Orthographe

1990 Arrêt facultatif

Quelques exemples de simplification

"Le terme d'arrêt recouvre plusieurs significations dont celle, ici choisie, de décision entérinée par une haute juridiction. La réforme de l'orthographe de 1990 (dont on débattra en 2016 …) est ainsi officialisée dans la section des «documents administratifs» du journal officiel du 6 octobre.

 

L'adjectif facultatif précise le fait que l'application de cet arrêt autorise la coexistence de l'orthographe ancienne avec la nouvelle.

 

Selon Michel Masson, on observe la même tolérance dans un texte publié au journal officiel du 9 février 1977 à l'initiative du ministre de l'éducation René Haby, ministre de Valéry Giscard d'Estaing: «il conviendra dans les examens de ne pas compter comme fautes graves celles qui ne prouvent rien contre l'intelligence et le véritable savoir des candidats mais qui prouvent seulement l'ignorance de quelque finesse ou de quelque subtilité grammaticale». Au nombre de ces «finesses» sont cités l'utilisation de l'accent circonflexe et du trait d'union que l'on retrouve dans la réforme de 1990, réforme qui d'ailleurs reprend largement les recommandations faites par l'Académie Française en 1986 portant sur 5 points de simplification touchant:

  • aux traits d'unions,

  • au pluriel des noms composés,

  • aux accents et, en particulier, à l'accent circonflexe,

  • à des anomalies flagrantes,

  • à l'accord du participe passé avec le verbe avoir.

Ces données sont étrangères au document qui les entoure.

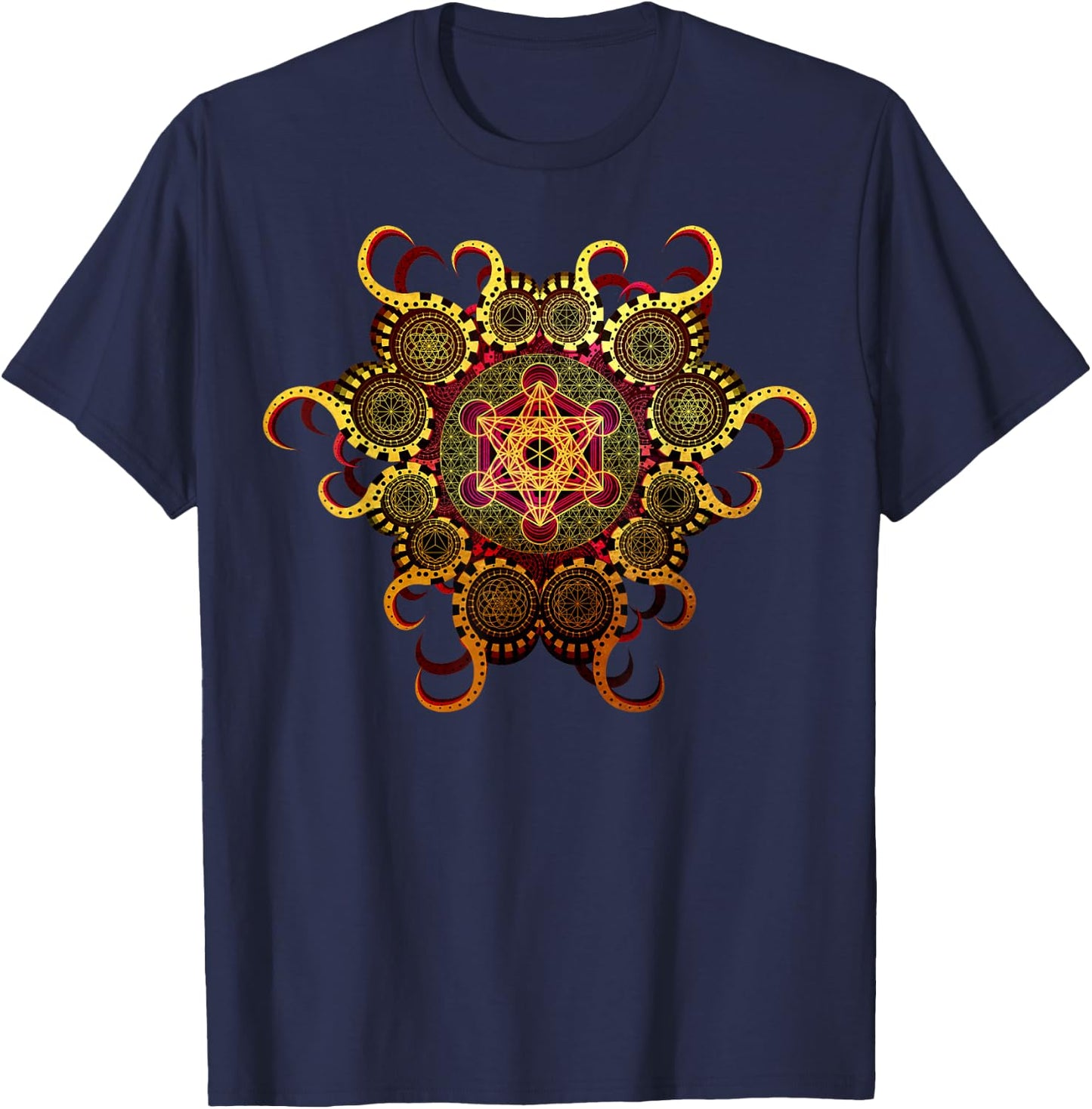 Gold Organic Merkaba Sacred Geometry Psychedelic Symmetry T-Shirt - T-Shirt | Navy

Et si l'on remonte bien plus loin dans le temps en ayant recours à la même source, le que sais-je de Nina Catach consacré à l'orthographe publié en 2011, on apprend que l'élimination des «finesses» était déjà à l'ordre du jour lors de la première édition du dictionnaire de l'Académie Française en 1694, édition dans laquelle quantité de consonnes plus ou moins «étymologiques» disparaissent par rapport au dictionnaire de Nicot publié en 1606: ainsi des orthographes de bled (blé), nud (nu), constre (contre) et conjoinct (conjoint). De la première édition à la huitième, ce sont environ 30 000 mots qui subissent ainsi des amendements (nombre à comparer aux 2400 de la réforme de 1990).

 

On constate en outre que le rythme de publication des éditions du dictionnaire s'est considérablement ralenti depuis lors puisque cette huitième édition date de 1935, que le premier volet de la neuvième édition (de A à Enzyme) interviendra en 1992 (en 2016, la version intégrale de la neuvième édition sera toujours en chantier).

 

Peut-être cette décélération a t'elle été à l'origine de l'appel à une simplification supplémentaire publié par dix linguistes dans Le Monde du 7 février 1989 et par la publication d'ouvrages sur ce thème durant l'été de cette même année. Le gouvernement de Michel Rocard saisit alors le Conseil Supérieur de la Langue Française qui nomme une commission, laquelle réunit, outre des Français, plusieurs membres de pays francophones. Leur rapport (ce que l'on nomme aujourd'hui de façon quelque peu exagérée la réforme) est approuvé par le Conseil au printemps 1990 et, après quelques amendements, adopté à l'unanimité des membres présents par l'Académie Française dont Maurice Druon, antérieurement ministre de la culture de Georges Pompidou, est alors le secrétaire perpétuel.

 

Les pays francophones représentés dans la commission approuvent également ses conclusions et conviennent de les appliquer.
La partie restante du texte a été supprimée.